Shares for Capri Holdings were down more than 25% on Wednesday morning after the company posted disappointing results in the third quarter, missed earnings expectations and cut its annual profit forecast.

The company, which owns Michael Kors, Jimmy Choo and Versace, reported total revenue in the third quarter of $1.51 billion, a decline of 6% from the same time last year. Net income in the period was $225 million, down from $322 million in the prior year.

More from Footwear News

Revenue fell across the company’s luxury brands this quarter. Michael Kors revenue fell 7.2% year-over-year to $1.1 billion, Jimmy Choo revenue fell 5.6% to $168 million, and Versace revenue fell 0.8% to $249 million.

On the company’s earnings call on Wednesday, John D. Idol, chairman and CEO of Capri Holdings, said that Capri’s performance in the third quarter was “more challenging than anticipated” and is “disappointed” with the results.

Idol added that the company’s performance was largely affected by disappointing wholesale performance, mainly in North America, which resulted in “expense deleverage and a lower operating margin.”

“The wholesale business for us was a profitable business and does not have a lot of fixed costs associated with it,” Idol said. “So, we’ll have to make some adjustments inside of our own operations, and we’re hard at work at that right now.”

As such, Idol told analysts on the call that the company is planning for the wholesale business to be down “quite significantly” in the fourth quarter and into the first quarter of next year.

Another pain point for Capri is the price increases it has taken at the Michael Kors brand. Prices are up, on average, close to 25% since the company started its price increases in 2019, Idol said. These increases have not settled well with Michael Kors’ customers lately as more of its demographic cut back spending due to inflation and recession fears in the quarter.

“I do think that the consumer was more cautious during the holiday season,” the CEO admitted. “We saw strong performance in our own stores through Black Friday. [But] we did not see the same rate in the North American wholesale channel, which has not kept up the pace of growth throughout the year.”

Despite the consumer worries, Idol said Capri will continue to elevate the Michael Kors brand and product, which he said is the “right strategy for the brand.”

As for what’s doing well in footwear, Idol mentioned that Versace continues to “gain authority” as a women’s luxury footwear brand. The company continues to build out its core offerings and has recently launched the Pinpoint collection, a new range of statement pumps characterized by a curved metal stiletto heel. Men’s and women’s sneakers also performed well, driven by our Trigreca, Greca and Odessa styles.

At Jimmy Choo, women’s footwear sales grew, driven by dress footwear styles.

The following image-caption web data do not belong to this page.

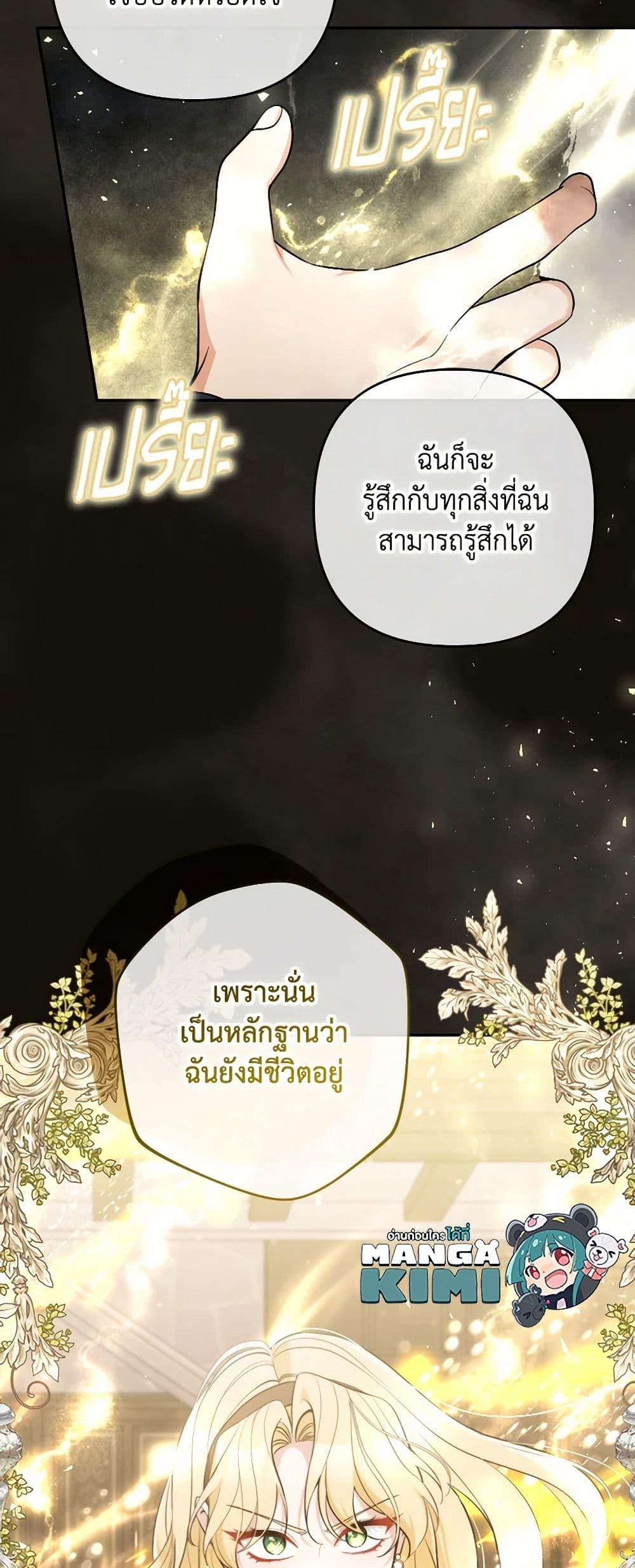 Manga-lc-com อ่านมังงะ อ่านการ์ตูน ออนไลน์ ฟรี Please Don’t Come To The Villainess’ Stationery Store! ตอนที่ 1 2 3 4 5 6 7 8 9 10 11 12 13 14 ฟรี ไม่มีโฆษณา Manga-lc - อ่าน มังงะ อ่าน การ์ตูน ออนไลน์ อ่านมังงะ ฟรี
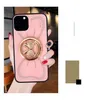 Подходит для iPhone 13 Case 12 Красочные кронштейн бабочки Apple Apple 11Promax силиконовая крышка женщина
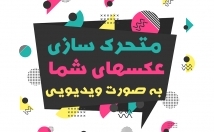 عکسهای-متحرک-ویدیوهای-متحرک-محبوب-اینستاگرام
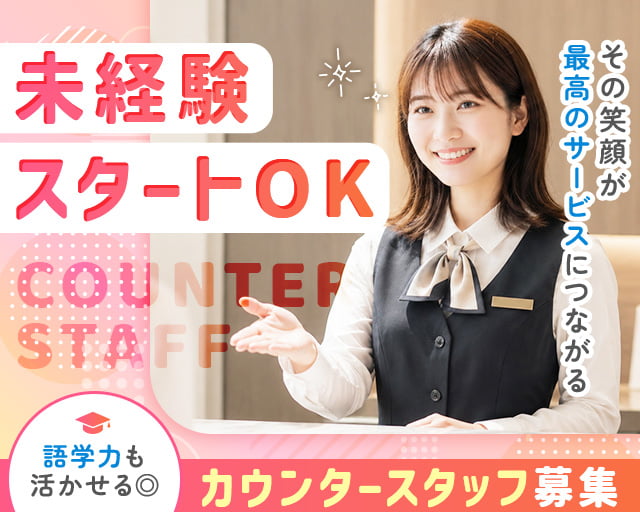 株式会社モリコー（成田市）の女性バイト求人情報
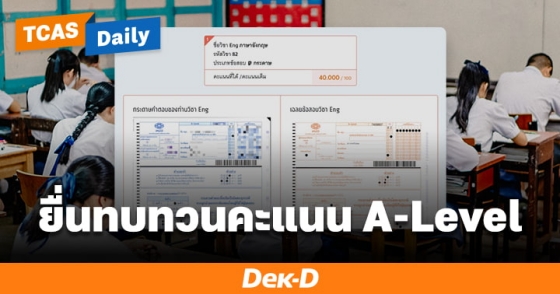 ยื่นทบทวนคะแนน A-Level ยื่นทบทวนคะแนน A-Level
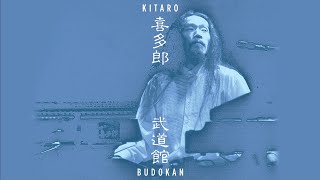 Kitaro  Cloud live [upl. by Ellohcin]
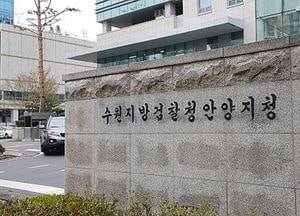 경쟁 조폭 협박한 안양타이거파 조직원 8명 구속 재판행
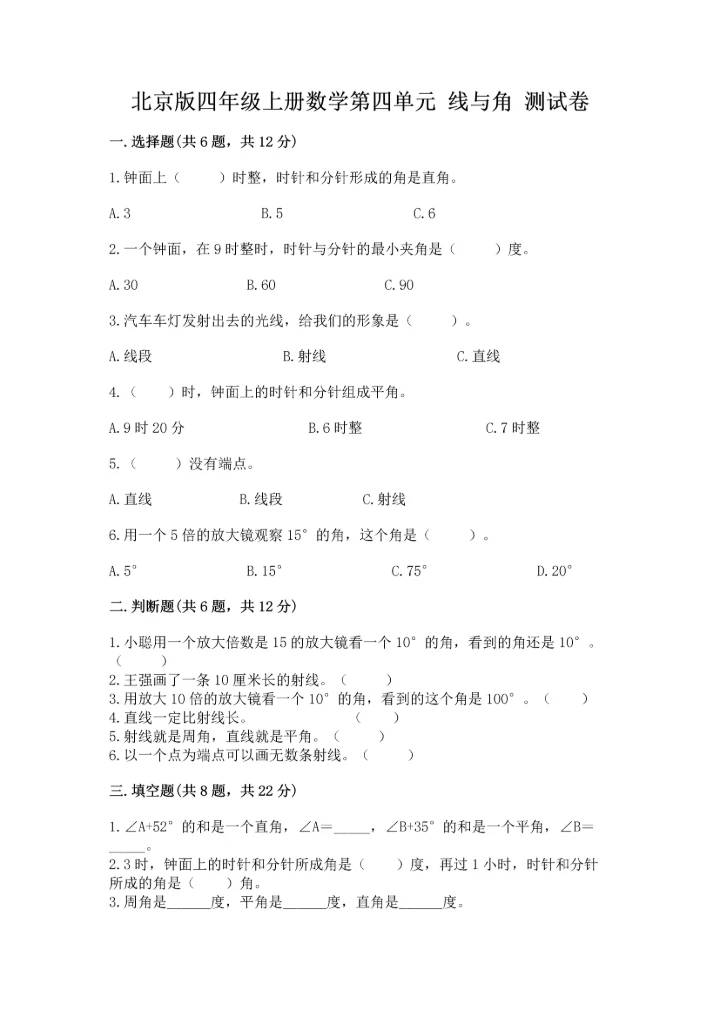 北京版四年级上册数学第四单元 线与角 测试卷【达标题】.docx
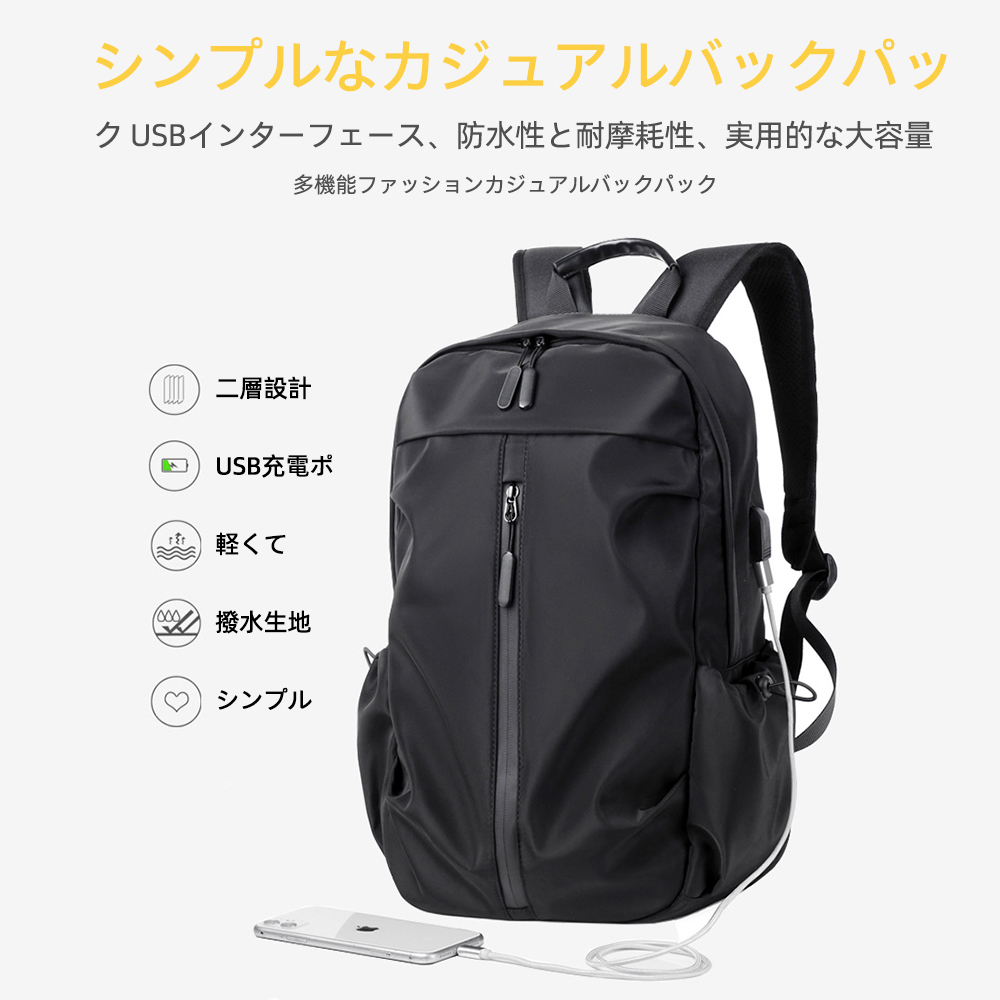 大容量 軽く感じる ビジネス リュック 防水 レインカバー チェストベルト 付属 メンズ A3 サイズ ノートPC バイク 通勤 通学 出張 旅行 収納 バックパック リュックサック ブラック 黒 PCリュック B-20 - 画像 (2)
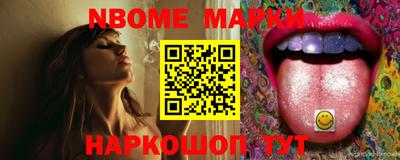 хмурый Боровичи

Sneakers also performed well with positive consumer reaction to its new Diamond Maxi. And more Kors, the company said it continues to believe it can “significantly expand” Michael Kors footwear to drive incremental revenue. Footwear sales in the brand’s retail channel increased low double digits as it delivered new fashion styles featuring hardware branding elements and signature detailing.

Looking ahead to the fourth quarter, Idol added that the company expects continued momentum in its own retail channel, driven by each of its brands strategic initiatives. However, in the wholesale channel, Capri now anticipate an even greater sequential decline relative to the third quarter. As such, the company is further reducing shipments into this channel.

“We believe in the strength of our three luxury houses,” Idol said. “We believe that we have a very good plan for fiscal year ’24 on a go-forward basis. That will continue to embrace and support the strength of each of these three phenomenal brands, and we believe that we will return to the type of growth that we expect in the future.”